Pictures on this page show all of these options.
Snow climb-- From Lake Marie, climb Marie Couloir, a short distance south of the Diamond, and then hike north to the summit. This is a more-than-honorable way of climbing the Diamond.
Trail hike-- The third is to leave the Medicine Bow Trail while going to or from the summit of Medicine Bow Peak and walk over for 20-30 yards to peer down the sheer cliffs and steep couloirs.
On WY 130, park at the Mirror Lake Picnic Area and pick up the Lakes Trail. This is about 28 miles east from the intersection of WY 130 and 230 south of Saratoga, and it is about 13 miles west of Centennial.
If the picnic area is closed, and I have seen it so several times, park a very short distance west at Lake Marie East Trailhead.
There are other places from which to approach the Diamond, but those described here are the closest.
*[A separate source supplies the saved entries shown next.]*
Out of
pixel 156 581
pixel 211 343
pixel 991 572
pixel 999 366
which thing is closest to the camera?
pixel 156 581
Distance and Elevation Gain
From trailhead to summit, the distance is not even 1.5 mi, and there is almost no trail approach. Hike the Lakes Trail a short distance and then strike out to the base of the Diamond, boulder-hopping across the basin between Lake Marie and the unnamed lake just south of Lookout Lake. From the base, the climb was 0.7 mi, with 600’ of elevation gain. Total elevation gain from the trailhead is approximately 1000’.
Red Tape and Camping
There was no fee at the Mirror Lake area in 2010, but there is a day-use fee at the nearby Sugarloaf area. Because this is a very popular area, I wouldn’t be shocked to see fees appear elsewhere.
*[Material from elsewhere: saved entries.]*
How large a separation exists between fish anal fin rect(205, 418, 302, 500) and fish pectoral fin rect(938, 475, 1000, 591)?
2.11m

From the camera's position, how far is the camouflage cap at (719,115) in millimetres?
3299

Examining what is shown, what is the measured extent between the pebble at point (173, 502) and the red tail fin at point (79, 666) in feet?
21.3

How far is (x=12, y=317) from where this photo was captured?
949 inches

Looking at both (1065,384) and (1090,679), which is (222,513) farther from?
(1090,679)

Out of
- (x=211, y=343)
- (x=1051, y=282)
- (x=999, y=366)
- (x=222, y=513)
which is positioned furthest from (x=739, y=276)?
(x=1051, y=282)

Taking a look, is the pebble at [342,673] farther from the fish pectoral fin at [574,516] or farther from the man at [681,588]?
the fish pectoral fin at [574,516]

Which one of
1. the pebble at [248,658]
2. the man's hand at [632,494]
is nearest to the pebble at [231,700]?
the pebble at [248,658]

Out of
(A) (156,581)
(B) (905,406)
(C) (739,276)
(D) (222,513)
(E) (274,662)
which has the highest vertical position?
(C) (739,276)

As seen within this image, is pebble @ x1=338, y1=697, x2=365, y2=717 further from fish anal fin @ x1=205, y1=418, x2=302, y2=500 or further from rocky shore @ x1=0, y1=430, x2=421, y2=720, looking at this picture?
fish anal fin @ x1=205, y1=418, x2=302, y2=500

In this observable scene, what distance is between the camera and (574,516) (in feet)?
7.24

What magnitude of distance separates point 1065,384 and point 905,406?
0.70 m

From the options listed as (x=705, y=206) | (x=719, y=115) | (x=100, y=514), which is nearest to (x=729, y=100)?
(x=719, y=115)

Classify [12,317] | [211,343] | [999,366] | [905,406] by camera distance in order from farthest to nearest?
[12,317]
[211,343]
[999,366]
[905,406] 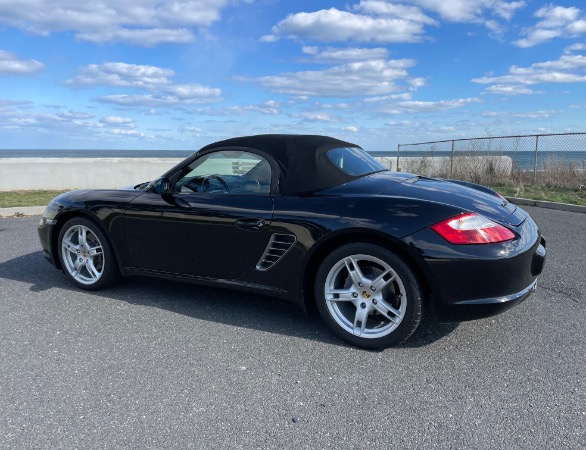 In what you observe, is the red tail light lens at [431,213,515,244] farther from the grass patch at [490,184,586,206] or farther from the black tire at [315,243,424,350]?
the grass patch at [490,184,586,206]

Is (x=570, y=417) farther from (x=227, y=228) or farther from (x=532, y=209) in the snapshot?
(x=532, y=209)

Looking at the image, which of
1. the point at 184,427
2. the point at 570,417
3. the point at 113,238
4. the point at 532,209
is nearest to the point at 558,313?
the point at 570,417

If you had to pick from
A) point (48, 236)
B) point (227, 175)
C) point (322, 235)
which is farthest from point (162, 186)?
point (322, 235)

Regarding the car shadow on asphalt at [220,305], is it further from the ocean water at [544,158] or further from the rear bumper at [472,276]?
the ocean water at [544,158]

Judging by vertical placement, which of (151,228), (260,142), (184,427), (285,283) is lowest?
(184,427)

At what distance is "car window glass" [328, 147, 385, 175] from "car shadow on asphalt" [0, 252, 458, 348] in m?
1.15

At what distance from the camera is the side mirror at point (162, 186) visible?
392 cm

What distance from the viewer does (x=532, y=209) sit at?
9.78 meters

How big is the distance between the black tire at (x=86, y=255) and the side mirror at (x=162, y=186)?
689 millimetres

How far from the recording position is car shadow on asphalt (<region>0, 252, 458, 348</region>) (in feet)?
11.2

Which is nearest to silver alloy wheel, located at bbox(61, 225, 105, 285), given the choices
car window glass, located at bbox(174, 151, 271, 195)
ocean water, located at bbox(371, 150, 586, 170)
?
car window glass, located at bbox(174, 151, 271, 195)

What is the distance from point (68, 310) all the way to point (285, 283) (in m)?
1.85

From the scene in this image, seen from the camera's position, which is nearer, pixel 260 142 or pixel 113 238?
pixel 260 142

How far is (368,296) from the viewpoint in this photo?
312 centimetres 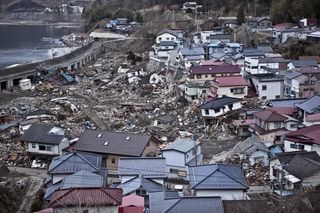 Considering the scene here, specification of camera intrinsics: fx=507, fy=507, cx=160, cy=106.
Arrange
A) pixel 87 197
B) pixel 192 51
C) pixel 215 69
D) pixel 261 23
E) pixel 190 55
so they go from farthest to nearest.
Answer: pixel 261 23, pixel 192 51, pixel 190 55, pixel 215 69, pixel 87 197

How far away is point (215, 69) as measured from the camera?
66.5 feet

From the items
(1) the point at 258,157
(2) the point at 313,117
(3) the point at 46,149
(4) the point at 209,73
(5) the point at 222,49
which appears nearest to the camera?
(1) the point at 258,157

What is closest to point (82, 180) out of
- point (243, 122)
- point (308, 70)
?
point (243, 122)

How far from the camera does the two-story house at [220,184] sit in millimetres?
9508

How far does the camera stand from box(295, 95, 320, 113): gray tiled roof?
45.9 feet

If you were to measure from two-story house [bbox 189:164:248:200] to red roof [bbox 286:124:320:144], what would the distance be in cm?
291

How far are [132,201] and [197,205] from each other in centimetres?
112

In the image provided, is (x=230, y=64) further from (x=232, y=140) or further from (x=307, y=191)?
(x=307, y=191)

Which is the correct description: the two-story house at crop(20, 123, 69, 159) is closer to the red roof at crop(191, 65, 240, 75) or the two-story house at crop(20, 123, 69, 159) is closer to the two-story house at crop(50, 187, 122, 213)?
the two-story house at crop(50, 187, 122, 213)

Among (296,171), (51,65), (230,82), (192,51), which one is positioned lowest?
(51,65)

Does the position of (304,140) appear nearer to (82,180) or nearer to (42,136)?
(82,180)

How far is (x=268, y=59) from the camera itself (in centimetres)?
2053

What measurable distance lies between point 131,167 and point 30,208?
2.15m

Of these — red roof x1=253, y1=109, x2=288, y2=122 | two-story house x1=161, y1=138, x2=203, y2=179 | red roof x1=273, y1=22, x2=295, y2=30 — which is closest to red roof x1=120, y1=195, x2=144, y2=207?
two-story house x1=161, y1=138, x2=203, y2=179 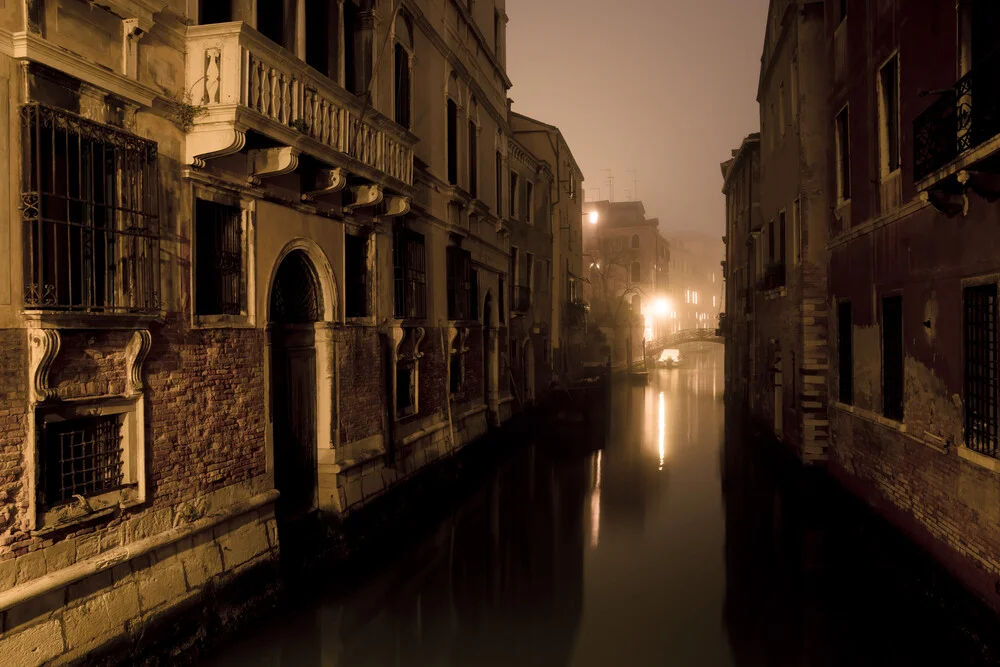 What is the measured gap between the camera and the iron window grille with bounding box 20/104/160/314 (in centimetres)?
479

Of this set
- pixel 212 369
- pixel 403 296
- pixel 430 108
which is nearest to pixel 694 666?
pixel 212 369

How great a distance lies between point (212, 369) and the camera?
21.9 feet

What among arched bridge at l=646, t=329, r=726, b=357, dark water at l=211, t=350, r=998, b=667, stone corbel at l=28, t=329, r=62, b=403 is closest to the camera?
stone corbel at l=28, t=329, r=62, b=403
The Forest Service wants people to stay on the trails in order to minimize impact on the alpine vegetation. Since climbing the Diamond obviously involves off-trail travel, please make a great effort to stay on rocks and snow as much as possible and be as gentle as possible on the vegetation when you can’t.
Old maps, including the Medicine Bow Peak USGS quad, show campgrounds at Lake Marie and Mirror Lake, but there aren’t any there now. There are several national forest campground along or shortly off WY 130, though. The closest is Sugarloaf, a few miles east. The spur road to Sugarloaf is often blocked by snow into August, and the campground is closed when that is the case. You can reserve sites there at recreation.gov.